Türkiye ve Irak arasındaki sınır, 5 Haziran 1926 târihli ve resmî adı "Hudûd ve Münâsebât-ı Hasenet Hemcivâri Muahedenâmesi" olan Türkiye-Irak sınır antlaşmasına göre çizilmiştir. Bu antlaşmanın, Türkiye, Irak ve İngiltere olmak üzere üç taraf ülkesi bulunmaktadır ve Türkiye-Irak sınırı boyunca olabilecek birçok şeyi karâra ve hükme bağlamıştır.

Türkiye'nin Musul ve Kerkük üzerinde hak sâhibi olduğu iddiâsında bulunanlar, genel olarak antlaşmanın beşinci ve onuncu maddeleri üzerinden hareket etmektedirler. Bu yüzden bu maddeleri incelemekte fayda var.

"Madde 5. — Tarafeyn-i akîdeynden her biri birinci maddede tasrih edilen hatt-ı hudûdu kati ve taarruzdan mâsun olmak üzere kabâl ve bunu tâdile mâtuf her türlü teşebbüsten tevakki etmeyi taahhüd eyler."[1]

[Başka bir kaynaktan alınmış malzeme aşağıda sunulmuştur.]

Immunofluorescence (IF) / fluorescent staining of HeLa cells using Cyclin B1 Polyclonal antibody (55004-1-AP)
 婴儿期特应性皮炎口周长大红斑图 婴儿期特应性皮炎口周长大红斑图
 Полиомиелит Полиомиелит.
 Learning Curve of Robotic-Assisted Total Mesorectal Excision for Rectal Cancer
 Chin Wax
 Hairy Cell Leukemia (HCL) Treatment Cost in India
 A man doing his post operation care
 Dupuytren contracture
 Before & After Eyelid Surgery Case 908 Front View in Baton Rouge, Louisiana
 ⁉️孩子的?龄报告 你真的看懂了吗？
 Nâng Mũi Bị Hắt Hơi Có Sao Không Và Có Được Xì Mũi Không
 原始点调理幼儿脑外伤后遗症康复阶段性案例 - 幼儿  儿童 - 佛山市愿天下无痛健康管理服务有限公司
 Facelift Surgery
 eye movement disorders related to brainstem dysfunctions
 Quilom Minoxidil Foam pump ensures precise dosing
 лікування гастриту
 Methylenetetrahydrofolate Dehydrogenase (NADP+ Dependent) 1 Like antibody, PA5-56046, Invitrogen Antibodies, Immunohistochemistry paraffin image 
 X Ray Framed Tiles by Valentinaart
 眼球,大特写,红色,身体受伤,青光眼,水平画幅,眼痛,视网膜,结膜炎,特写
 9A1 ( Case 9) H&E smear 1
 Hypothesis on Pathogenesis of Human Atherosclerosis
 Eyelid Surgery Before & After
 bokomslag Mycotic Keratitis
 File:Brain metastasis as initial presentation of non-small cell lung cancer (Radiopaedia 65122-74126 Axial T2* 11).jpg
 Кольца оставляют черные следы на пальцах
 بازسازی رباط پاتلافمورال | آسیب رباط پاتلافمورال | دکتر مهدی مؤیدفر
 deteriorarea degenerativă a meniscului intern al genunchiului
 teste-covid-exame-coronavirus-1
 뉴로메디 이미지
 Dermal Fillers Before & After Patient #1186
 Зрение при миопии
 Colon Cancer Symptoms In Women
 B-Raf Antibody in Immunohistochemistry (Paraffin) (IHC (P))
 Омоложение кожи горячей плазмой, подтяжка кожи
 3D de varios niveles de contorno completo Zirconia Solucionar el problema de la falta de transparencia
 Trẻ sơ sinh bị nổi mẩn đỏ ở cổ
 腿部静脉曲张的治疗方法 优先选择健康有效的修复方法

Günümüz Türkçesine çevirirsek, antlaşmanın taraflarının, birinci maddede belirtilen sınırlara yönelik her türlü saldırıdan korumak üzere, önceki hâline dönüştürmeye yönelik her türlü girişimden uzak duracaklarını taahhüd edeceği belirtiliyor.

Bu madde, hem Türkiye'nin, hem de Irak'ın sınırları değiştirmeye yönelik her türlü adımdan uzak duracağını belirtiyor. Dolayısıyla bu madde üzerinden Türkiye'nin Irak'ın kuzeyinde kurulacak bir Kürd devleti hakkında hareket hakkından söz etmek imkânsızdır.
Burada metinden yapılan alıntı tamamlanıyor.